[Records from a data source]
^^^^^^^^

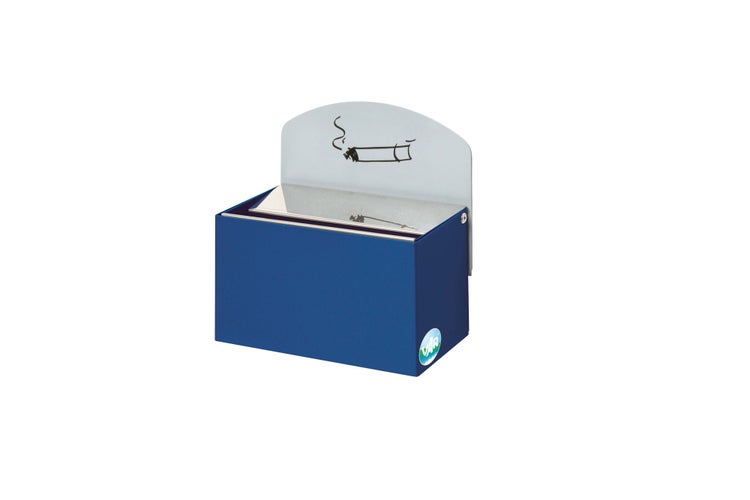 PROREGAL Robuster Wandascher Mit Schild 0,4 Liter HxBxT 16 x 14 x 9,8 cm Verzinkter Stahl Blau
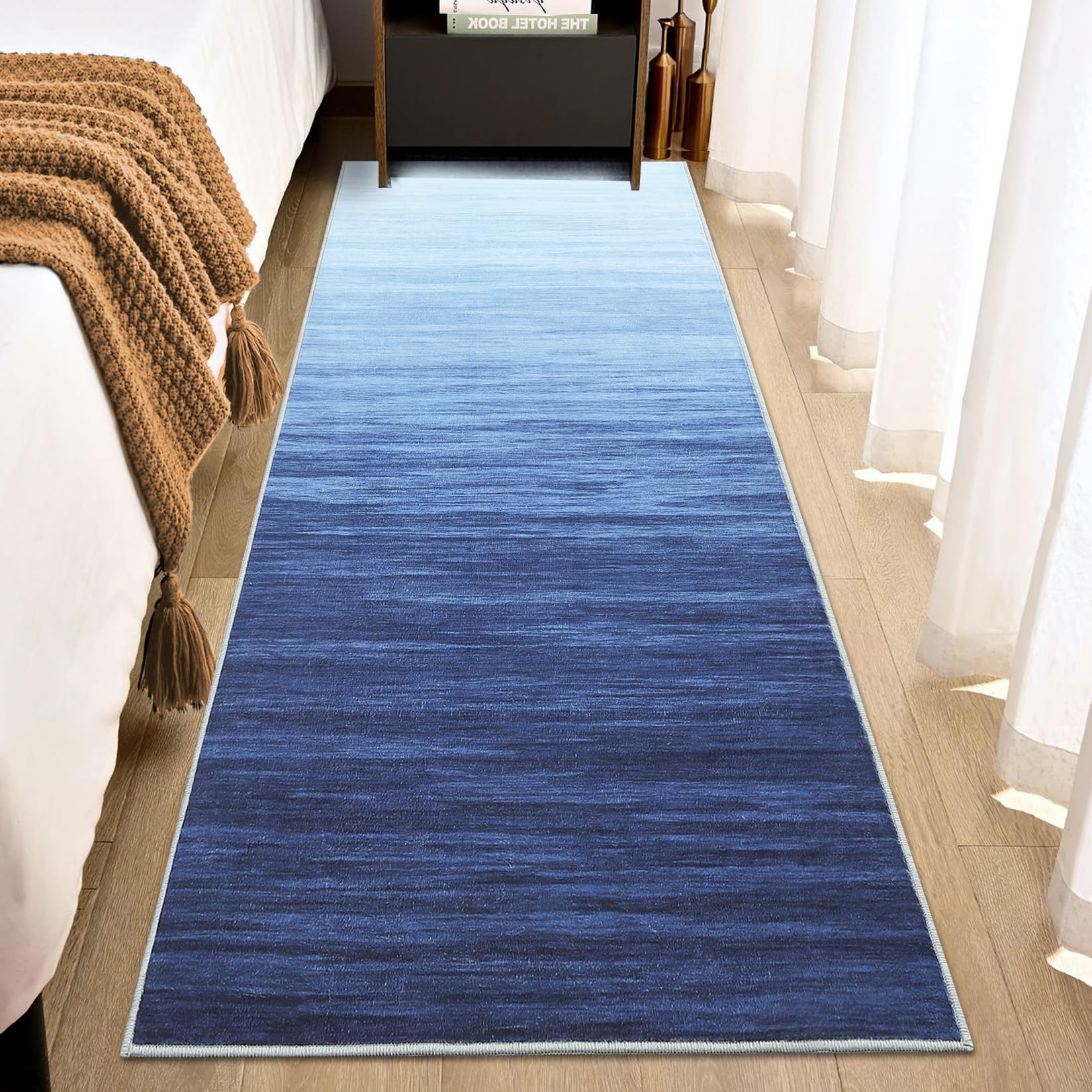 Garvee Modern Blue 2x6 Washable Area Rugs Runner Rugs for Hallway Living Room Abstract Ombre Rug Modern Kitchen Rugs with Rubber Backing Vintage Carpet Bedroom Rug Blue Office Rug Entryway Floor Cover - Image 9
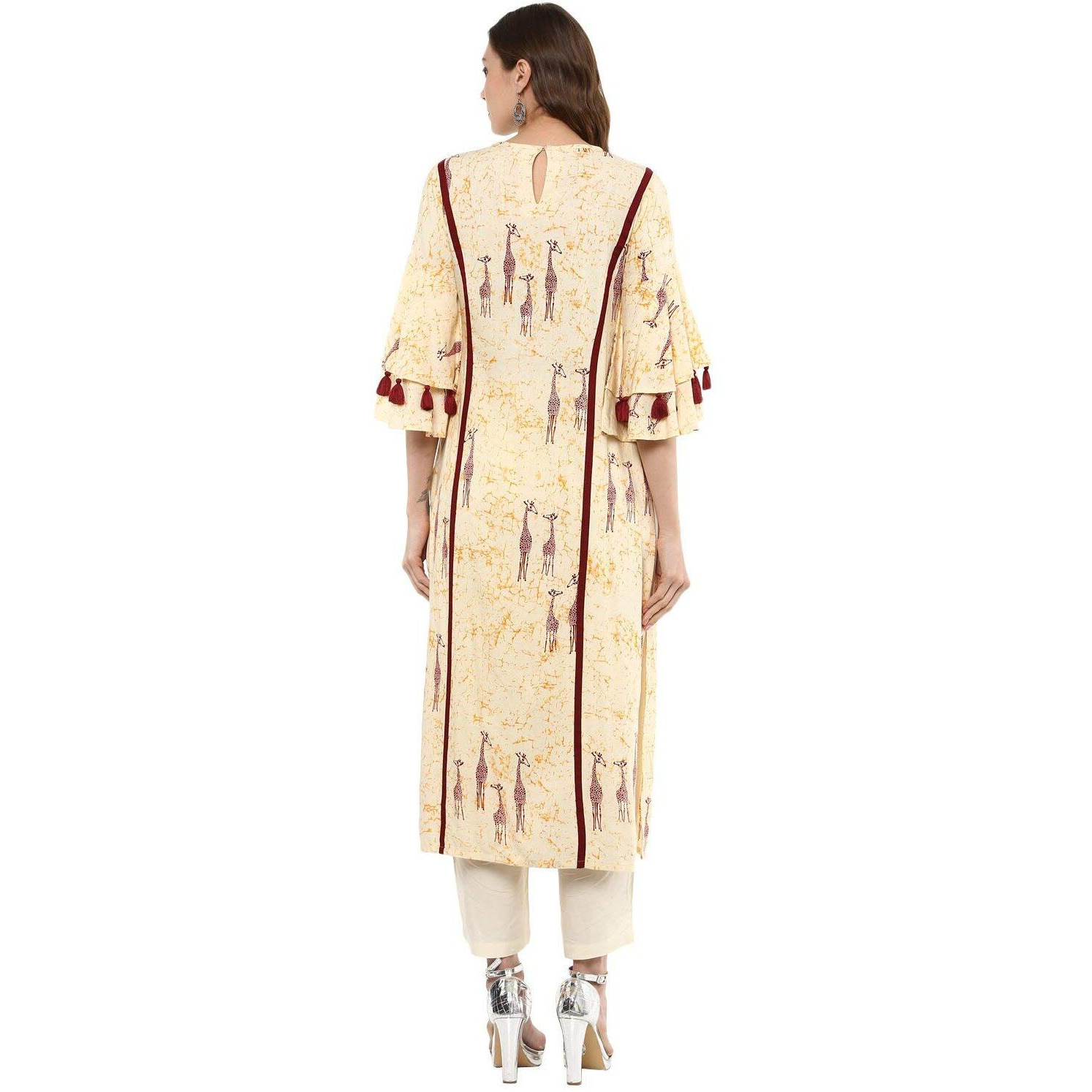 Idalia Womens Lemon Yellow Straight Rayon Kurta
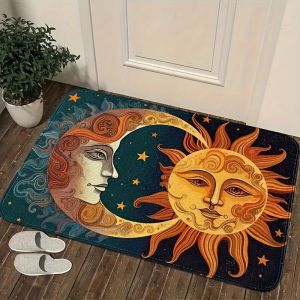 VIKAMA Sun and Moon Doormat Celestial Mystic Welcome Mat Non Slip Flannel Floor Rug for Entrance Front Door Bohemian Decor
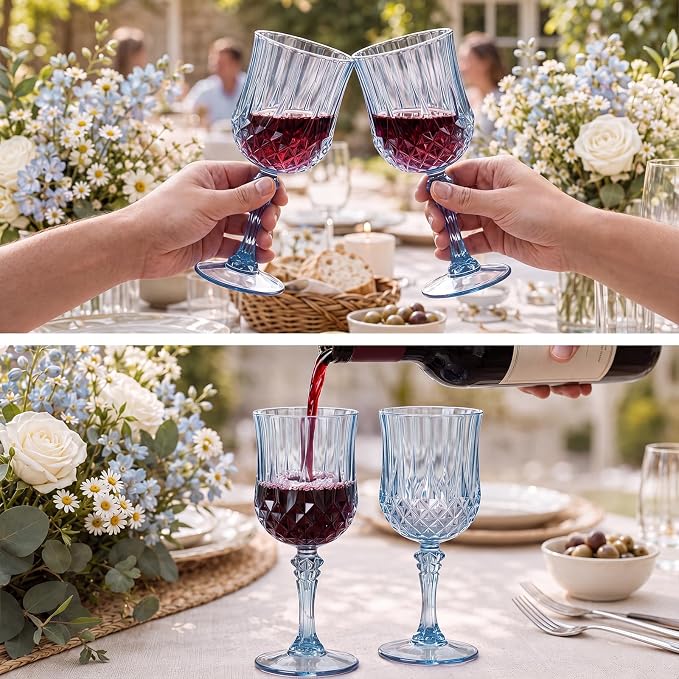Sliner 96 Pcs 7oz Plastic Vintage Wine Glasses Drinking Goblets Unbreakable Crystal Water Glassware Reusable Diamond Champagne Flutes Cups for Wedding Banquet Birthday Party Supplies (Light Blue)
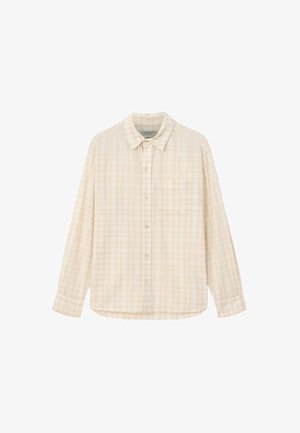 Hellbeiges Hemd mit Knopfleiste und kariertem Muster, ausgestattet mit spitzem Kragen, langen Ärmeln und einer einzelnen Brusttasche.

^^^^^^^^

Leaving out the pictures, return exactly the lines from the one that contains "Garvee Modern Blue" through the last line of the records above, inclusive.

 Garvee Modern Blue 2x6 Washable Area Rugs Runner Rugs for Hallway Living Room Abstract Ombre Rug Modern Kitchen Rugs with Rubber Backing Vintage Carpet Bedroom Rug Blue Office Rug Entryway Floor Cover - Image 9
 Idalia Womens Lemon Yellow Straight Rayon Kurta
 VIKAMA Sun and Moon Doormat Celestial Mystic Welcome Mat Non Slip Flannel Floor Rug for Entrance Front Door Bohemian Decor
Sliner 96 Pcs 7oz Plastic Vintage Wine Glasses Drinking Goblets Unbreakable Crystal Water Glassware Reusable Diamond Champagne Flutes Cups for Wedding Banquet Birthday Party Supplies (Light Blue)
 Hellbeiges Hemd mit Knopfleiste und kariertem Muster, ausgestattet mit spitzem Kragen, langen Ärmeln und einer einzelnen Brusttasche.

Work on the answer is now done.